### WORK REQUEST
Each line from the one containing "Yellow Floral Oval Frame Area Rug" to the end of the data must be copied exactly, the first and last included; no other lines and no pictures belong in the copy.

### THE DATA

↓

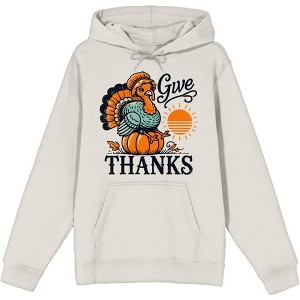 Give Thanks Turkey Sitting On Pumpkin Adult Long Sleeve Hoodie - 1 of 2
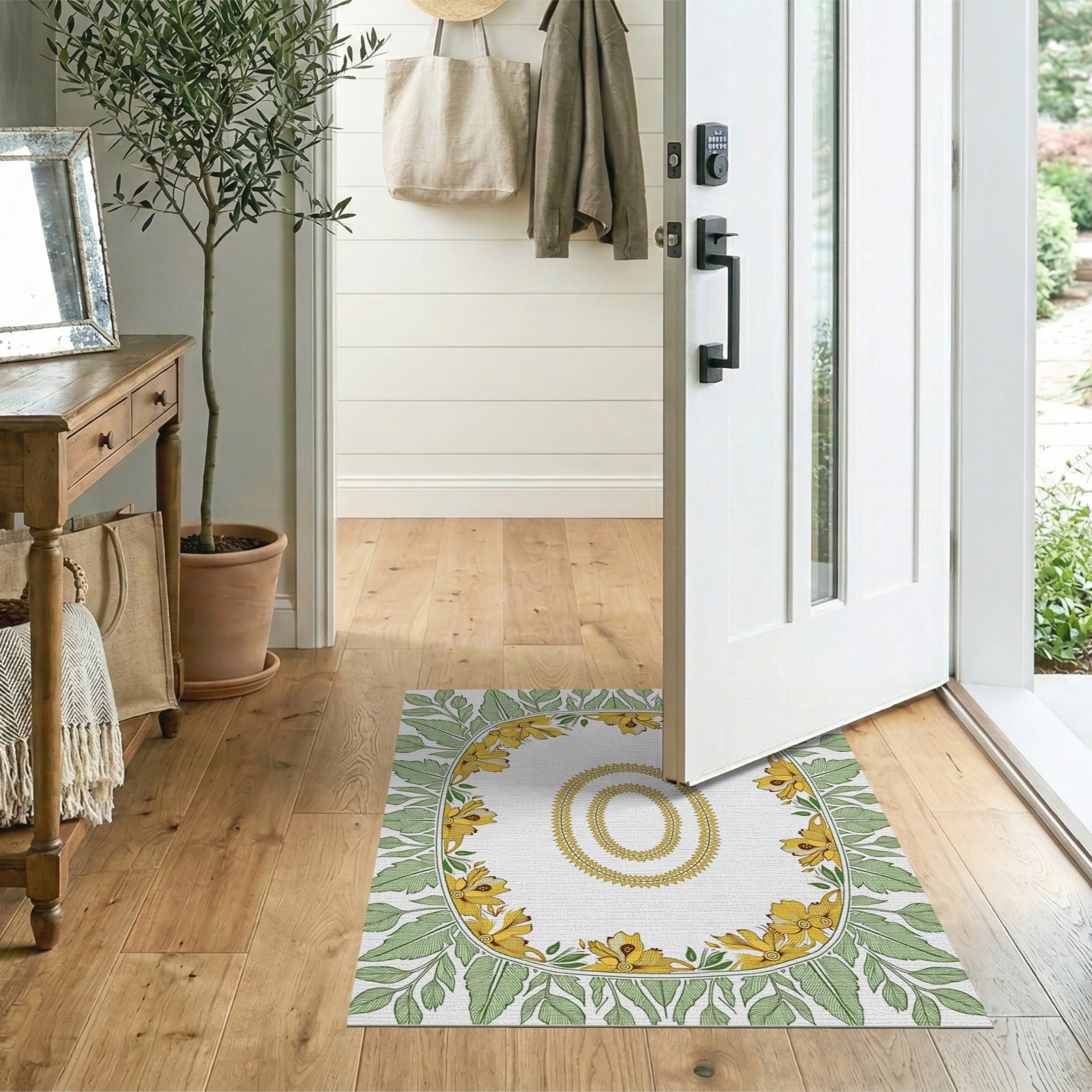 Yellow Floral Oval Frame Area Rug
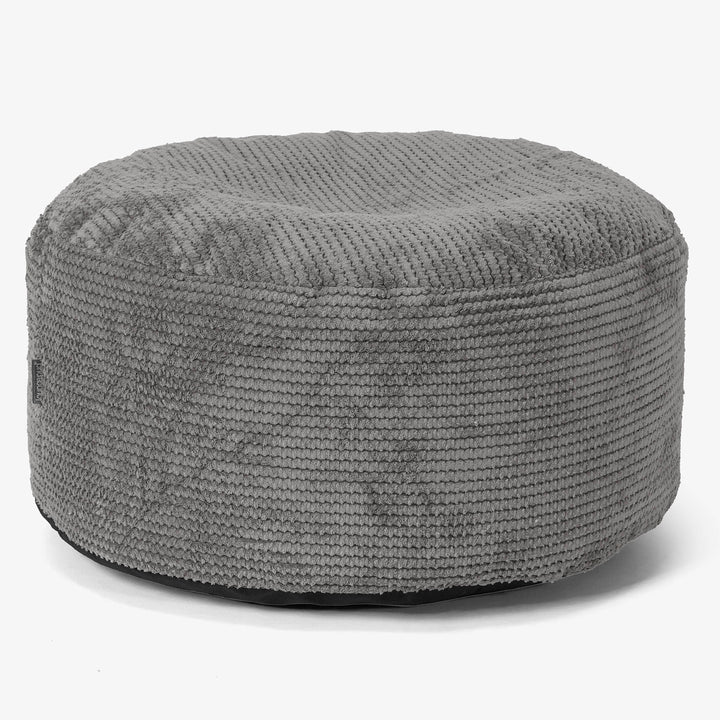Pouf Ottoman con Vassoio - Pompon Carbone Grigio - 02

↑

### TASK RESULT
 Yellow Floral Oval Frame Area Rug
Pouf Ottoman con Vassoio - Pompon Carbone Grigio - 02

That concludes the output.